Lo extraordinario, y lo que hace de Pedraza una pionera, es que ella se rebeló contra el sistema y lo hizo a la grande. Sin mucha dilación. La boda se había celebrado en 1612 y en 1614, ya la encontramos que ha huido del marido violento y se ha refugiado en el convento de donde había salido para casarse. Hasta allí acudió el marido pidiéndole que volviera con él, con promesas de cambio. La historia tantas veces repetida. Pero, como suele ocurrir, no cambió. Cuando Francisca se cansó de las humillaciones y malos tratos acudió a pedir justicia: quería que se anulara su matrimonio.
Denunció al marido ante la jurisdicción civil, en 1619, y la eclesiástica, en 1620 y 1622, sin que ni una ni otra se sintieron concernidas. Cabe imaginarla ante los jueces y ante el clero de la época, una mujer sola, sin recursos, por todo ello sospechosa, mostrando las pruebas de las agresiones en su propio cuerpo. Las reclamaciones ante la vía eclesiástica concluían recomendando al marido ser “bueno, honesto y considerado con la demandante y no le haga semejantes malos tratamientos como se dice que le hace” y mandando a la víctima volver con su agresor.

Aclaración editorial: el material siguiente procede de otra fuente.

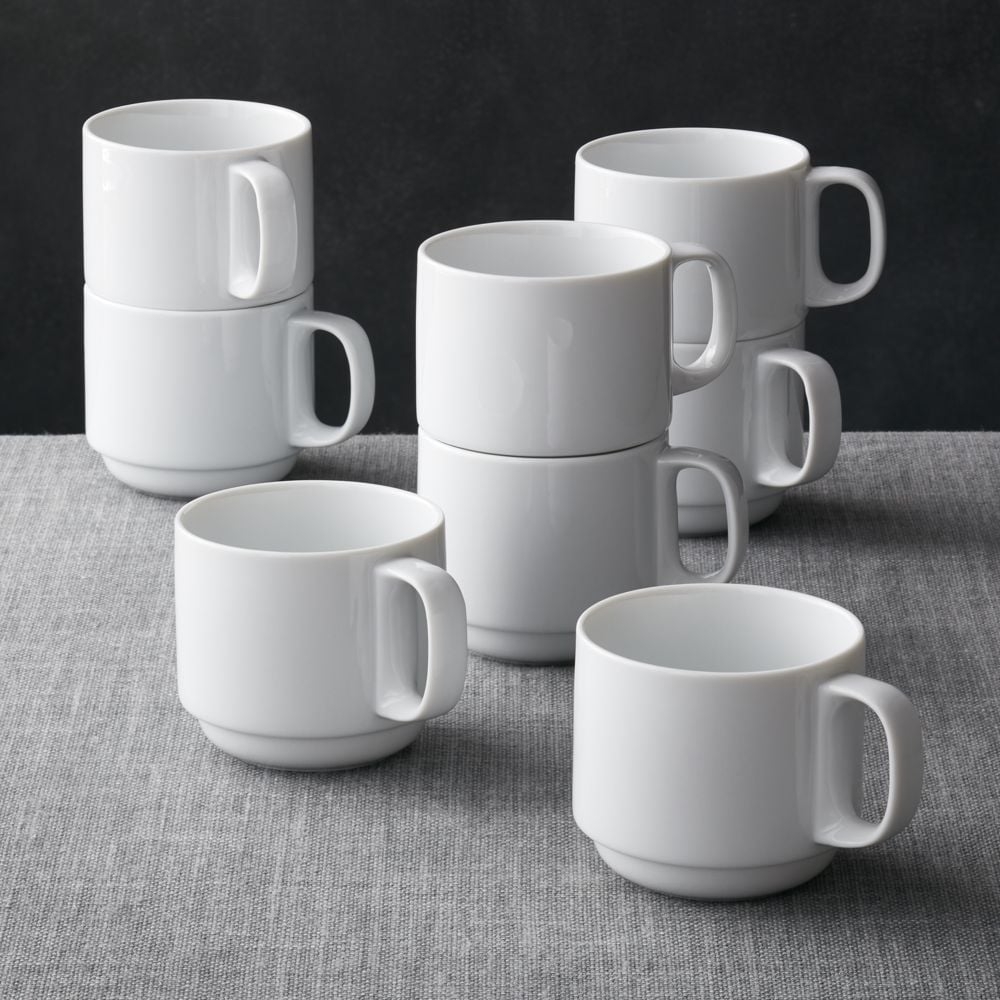 Logan 12-oz. Stacking Mugs, Set of 8 - Image 0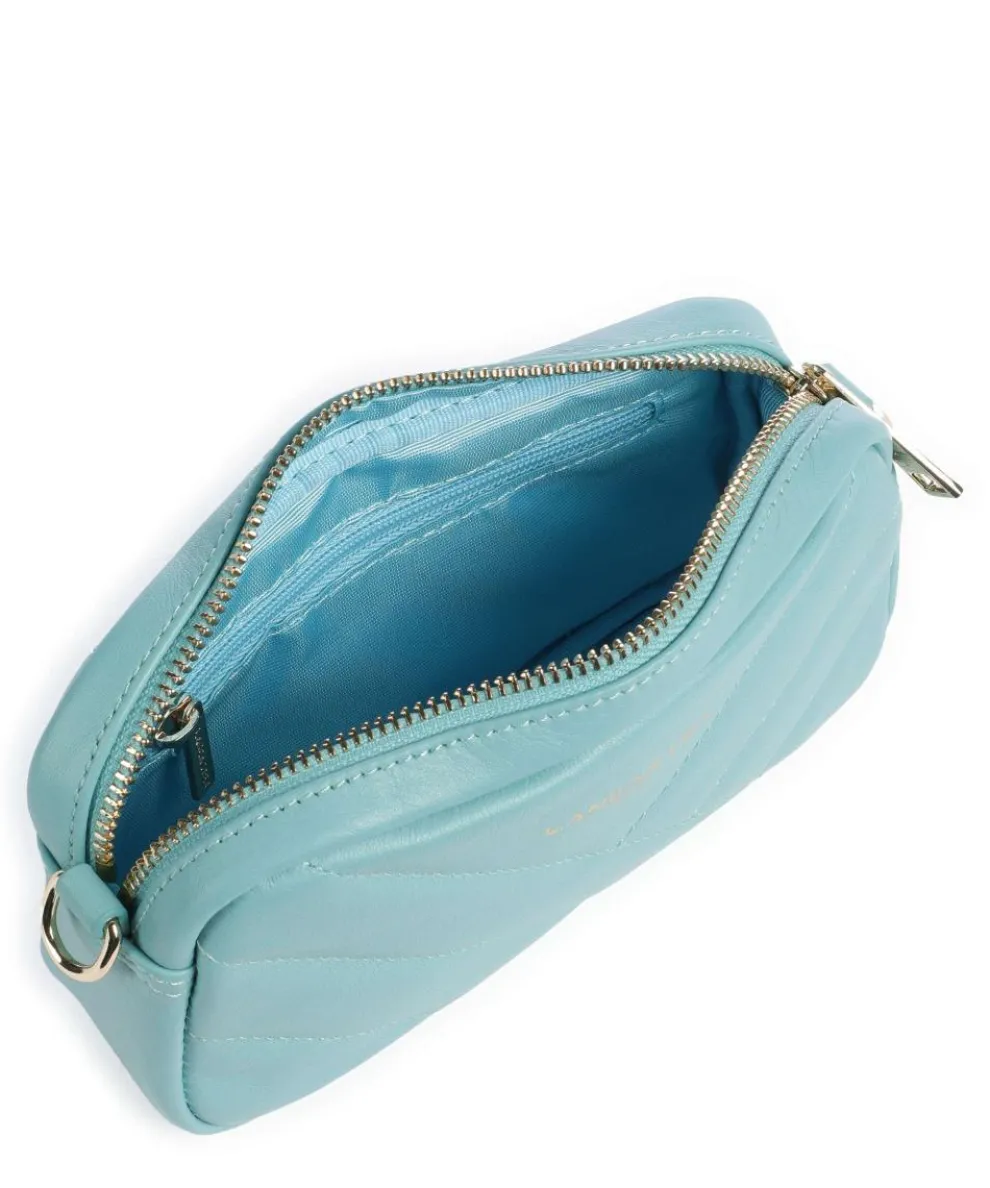 Soft Matelassé Umhängetasche weiches Rindsleder hellblau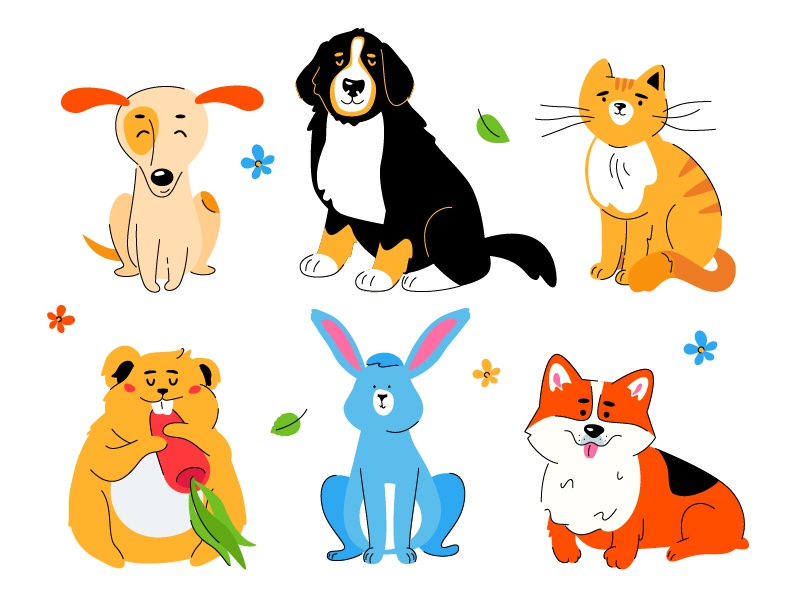 Cute Animals Collection breed rabbit hamster dog cat domestic cute pet.jpg
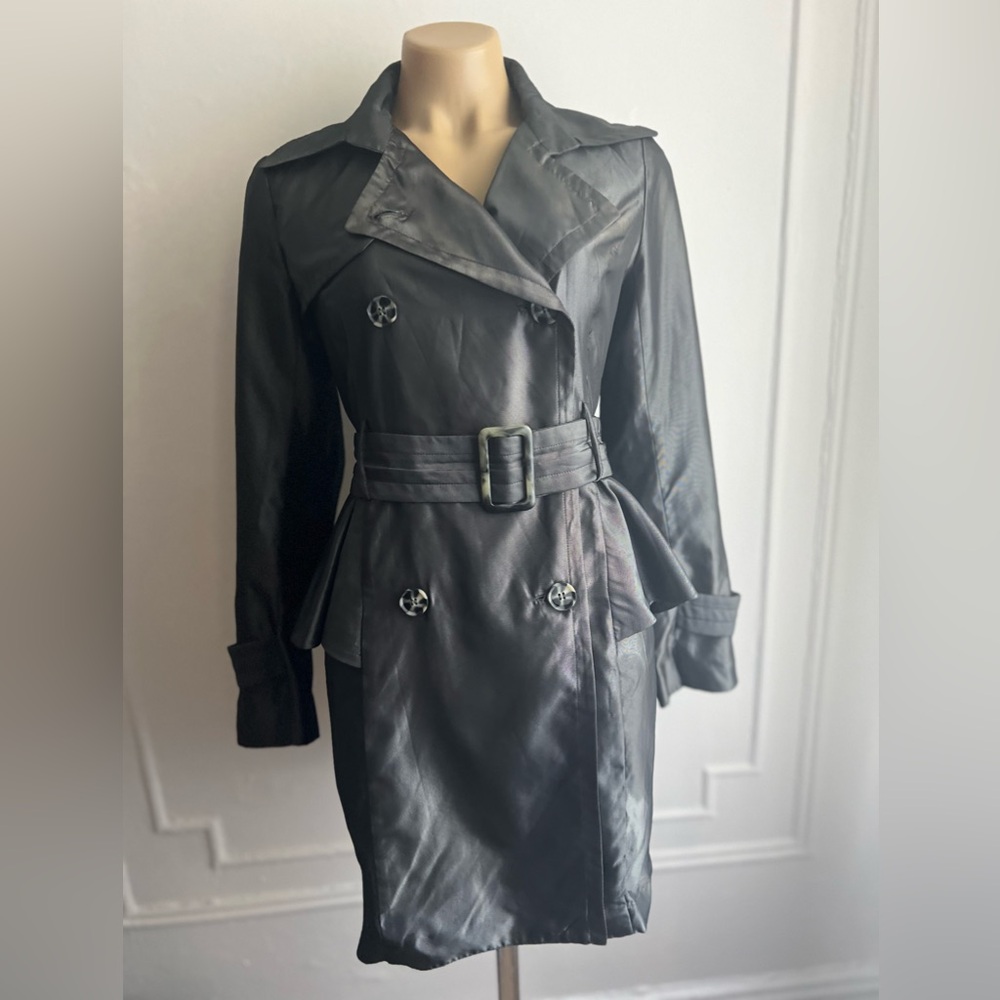 Kira Plastinina trench coat, dark gray, Size S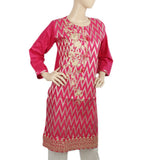 Women's Embroidered Kurti - Pink, Women, Ready Kurtis, Chase Value, Chase Value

Desesperada como estaba, Pedraza tuvo la osadía de pedir al nuncio del Papa autorización para acudir a otra instancia distinta en demanda de justicia. Fue su momento de suerte porque el nuncio concedió la licencia y ella optó por acudir a la jurisdicción universitaria. Allí, en el tribunal académico encontró a un hombre cómplice: el rector Álvaro de Ayala, un hombre de leyes, catedrático de derecho canónico y civil, quien concedió el divorcio, ordenó que se le devolviera la dote y emitió una orden de alejamiento del marido agresor. “…y prohibimos y mandamos a dicho Jerónimo de Jaras no inquiete ni moleste a la dicha Francisca de Pedraza… por sí ni por otra interpósita persona”. Todo esto en el año 1624, mientras en España reina todavía la Casa de Austria con Felipe III y en Francia Luis XIII nombra ministro a Richelieu.

Bien es verdad que una sentencia semejante no volverá a dictarse en los tres siglos siguientes y habrá que esperar hasta las últimas década del siglo XX para encontrar otras mujeres también pioneras que vuelvan a pedir justicia frente a los maridos maltratadores y obtengan una sentencia semejante.
En su memoria y en homenaje a su coraje e inteligencia, la Asociación de Mujeres Progresistas de Alcalá de Henares creó en 2016 el Premio Francisca de Pedraza contra la violencia de género, en cuya primera edición se concedió un diploma de reconocimiento a título póstumo al antiguo rector de la Universidad de Alcalá, Álvaro de Ayala, el hombre cómplice.